The publishing house kept working intensely even during the First World War, mainly on the publication of magazines for the troops on the front such as La Tradotta, which included contributions from famous illustrators and writers such as Soffici, De Chirico and Carrà.

In 1919 the publishing house headquarters were transferred to Milan. After the First World War, Mondadori launched several successful book series including Gialli Mondadori in 1929, the first example of an Italian book series dedicated to detective and crime novels, by international writers, a new genre for Italy. The series is distinguished by the yellow (giallo in Italian) color of the covers. The response from the public was positive, with five thousand copies sold in a month and eight thousand after a hundred days. In addition to those who are considered the masters of the genre, such as Raymond Chandler, Dashiell Hammett, Georges Simenon, Agatha Christie and Erle Stanley Gardner, in 1931 even some Italian writers began to take an interest in the genre and write yellow novels. As a result of the success and longevity of the series, still on newsstands, "giallo" has become the Italian name of the literary genre.

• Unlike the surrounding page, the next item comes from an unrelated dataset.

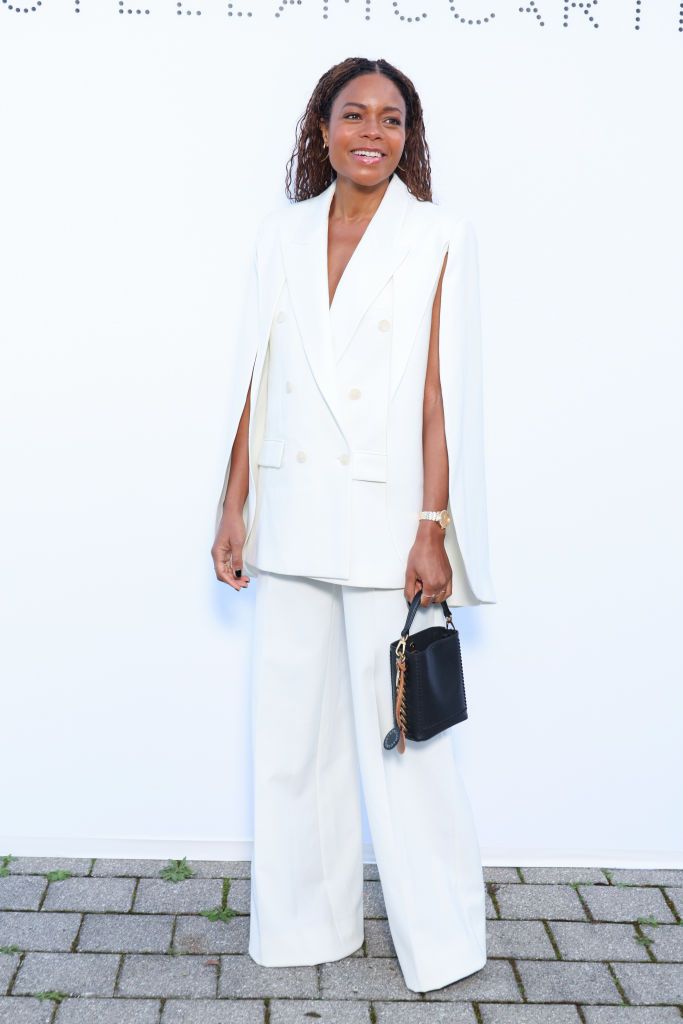 Naomi Harris is elegant in caped tailoring for Paris Fashion Week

Despite a period of cultural autarky, in 1933 Mondadori started publishing works of international writers with the Medusa book series. In 1935, through an agreement with Walt Disney, the publishing house began the publication of a children's series based on Disney cartoon characters, which ran until 1988, when the agreement between Mondadori and the Walt Disney Company ended.

In 1950 Mondadori returned to the information magazines, abandoned ten years earlier with the suspension, due to the war, of the monthly Tempo. The weekly Epoca was started, which imported the American model of photojournalism into Italy.
A few years later, in 1962, Mondadori published Panorama. The magazine was founded as a monthly information magazine and it was only in 1967 that it became a weekly, inspired by the editorial formula of Time and Newsweek, and was transformed into a successful newsmagazine.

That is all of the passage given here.